Golden Valley-based Buffalo Wild Wings released its first-quarter earnings after the market closed Tuesday, reporting sales and profits that fell well short of Wall Street's forecasts.
Investors reacted by pushing down Wild Wings' stock to as low as $122.25 Wednesday morning, before it rallied to close at $129, down $15.62.
The stock had traded as high as $205 in October. But Wild Wings has now posted three consecutive disappointing quarters.
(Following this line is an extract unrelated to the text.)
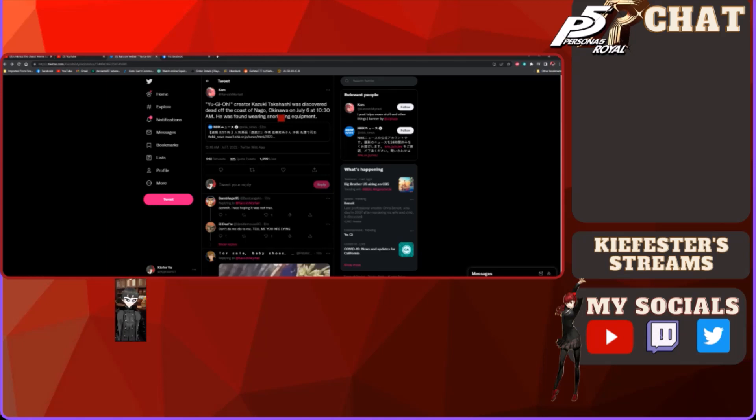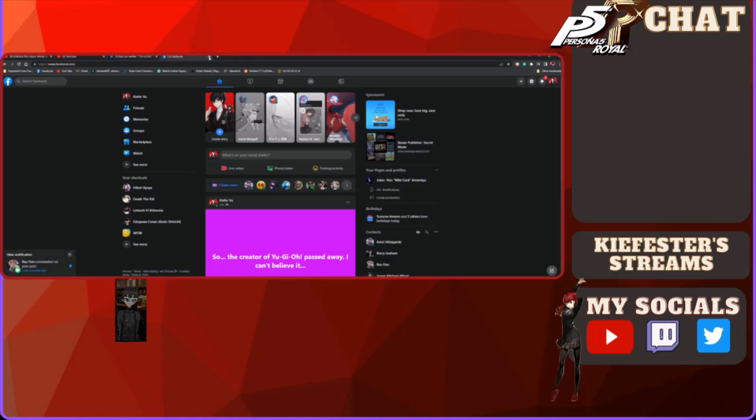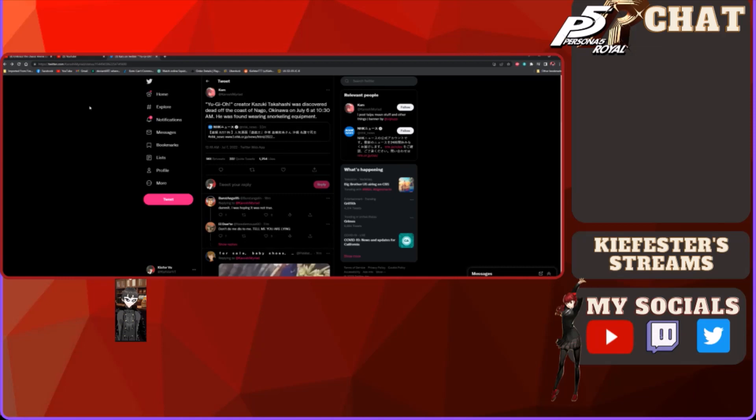If there's any sort of donations in terms of perhaps donating to raising the cost of the funeral of Kazuki Takahashi, then I would likely be able to link it. In fact, what I'm gonna do is as soon as I find something like that, I'm gonna link that to the description of the video down below.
And some analysts have effectively hit pause on the company, which has been one of the fastest-growing U.S. restaurant chains.
"We do not see any evidence of a near-term turnaround," Brett Levy, a stock analyst for Deutsche Bank, wrote in research note.
Wild Wings reported first-quarter profits of $1.73 per share, up 13 percent from a year ago, but below stock analysts' estimates of $1.78. Profits were off largely because Wild Wings' first-quarter sales of $508 million fell short of the $530 million expected by Wall Street.
To make matters worse, Wild Wings' same-store sales — sales for stores open at least a year — were down 1.7 percent at company-owned outlets and 2.4 percent at franchised restaurants compared to a year ago. It's the first time since 2010's fourth quarter that Buffalo Wild Wings has posted a negative year-over-year swing in same-stores sales.